- **ACTIVITY**
An exact copy is needed of the lines from the one that contains "Soporte-para-Correa-de-Perro-Personalizado-02" through the final line of the data below, with pictures left out.

- **DATA EXTRACT**

<<<<

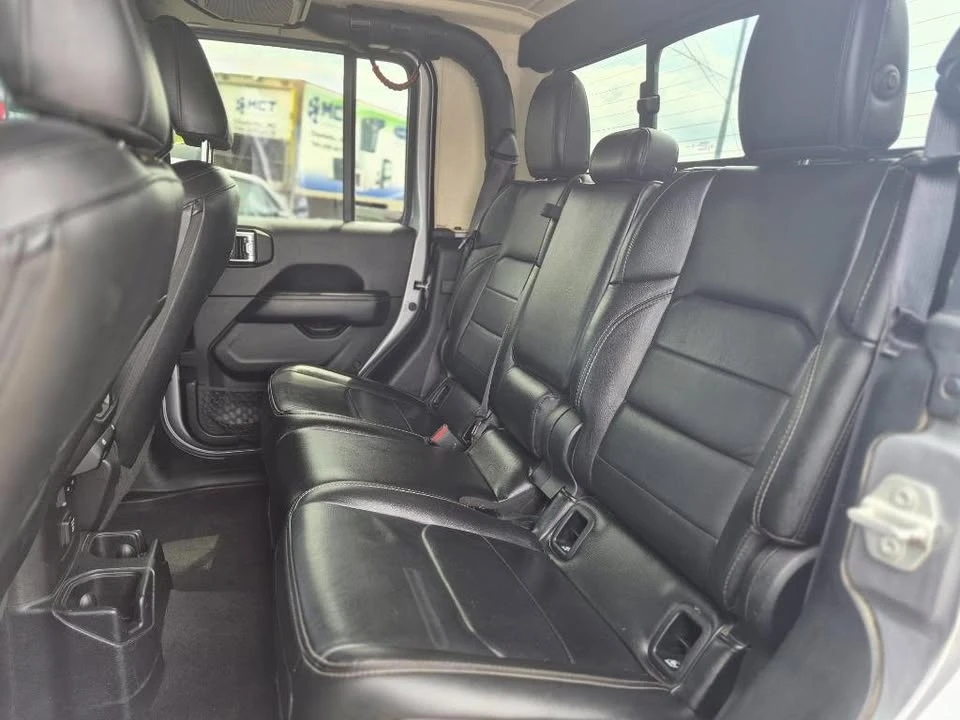 2020 Jeep JT Gladiator - Image 18 of 19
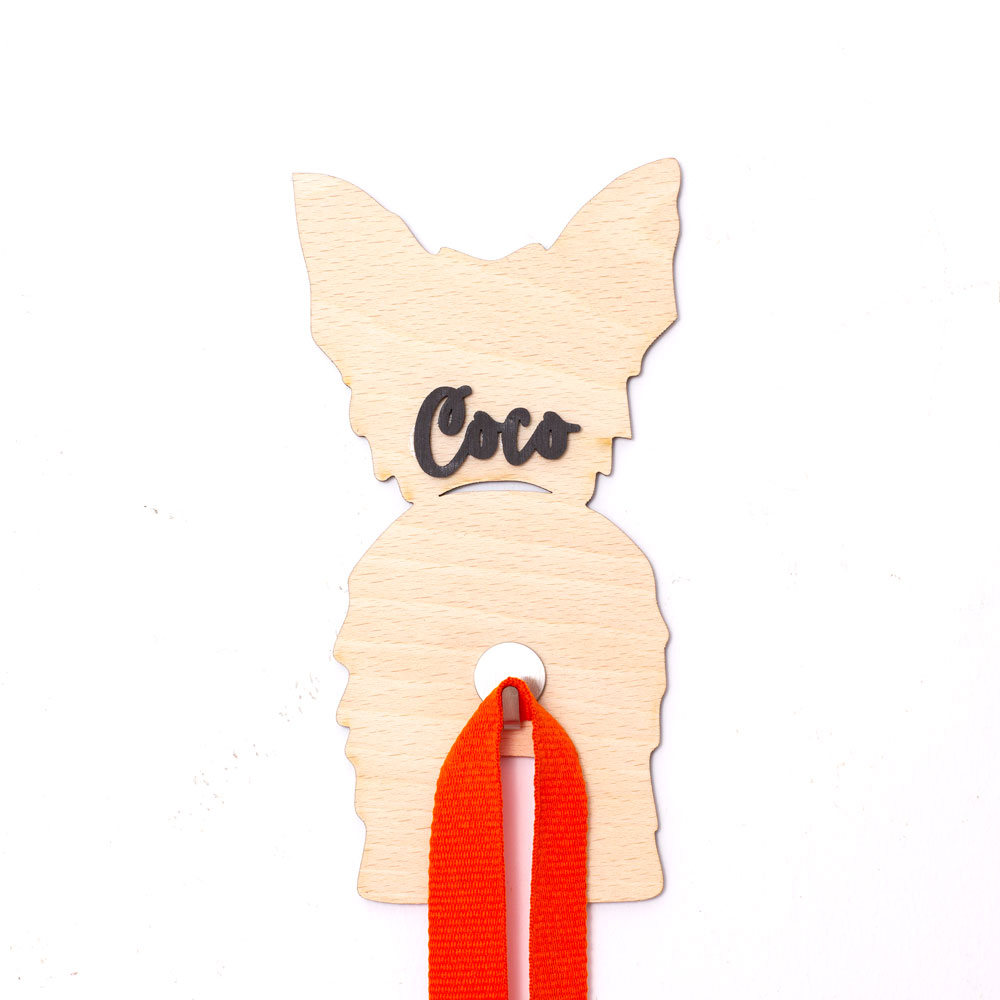 Soporte-para-Correa-de-Perro-Personalizado-02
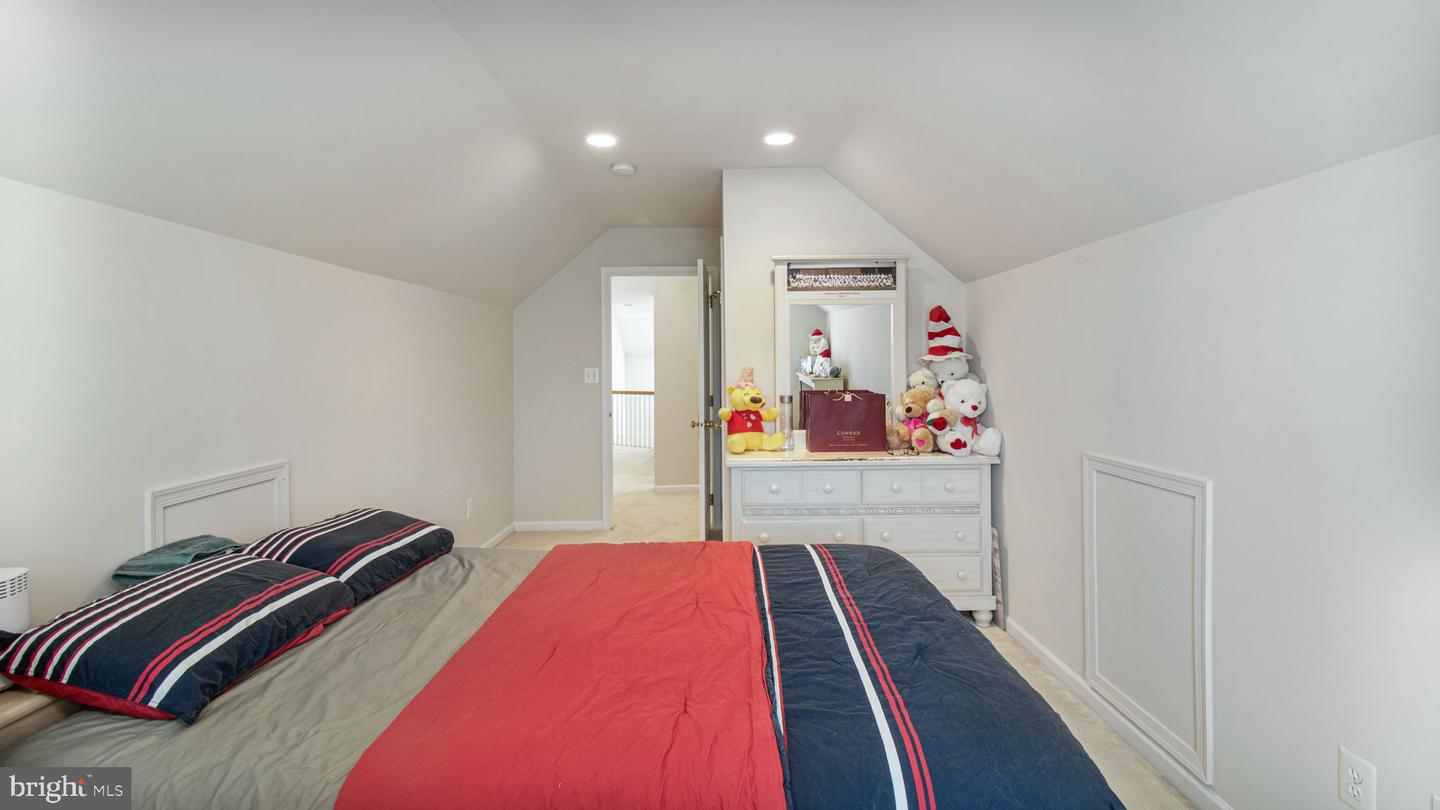 22677 Cricket Hill Ct Property Photo 31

>>>>

- **EXERCISE SOLUTION**
 Soporte-para-Correa-de-Perro-Personalizado-02
 22677 Cricket Hill Ct Property Photo 31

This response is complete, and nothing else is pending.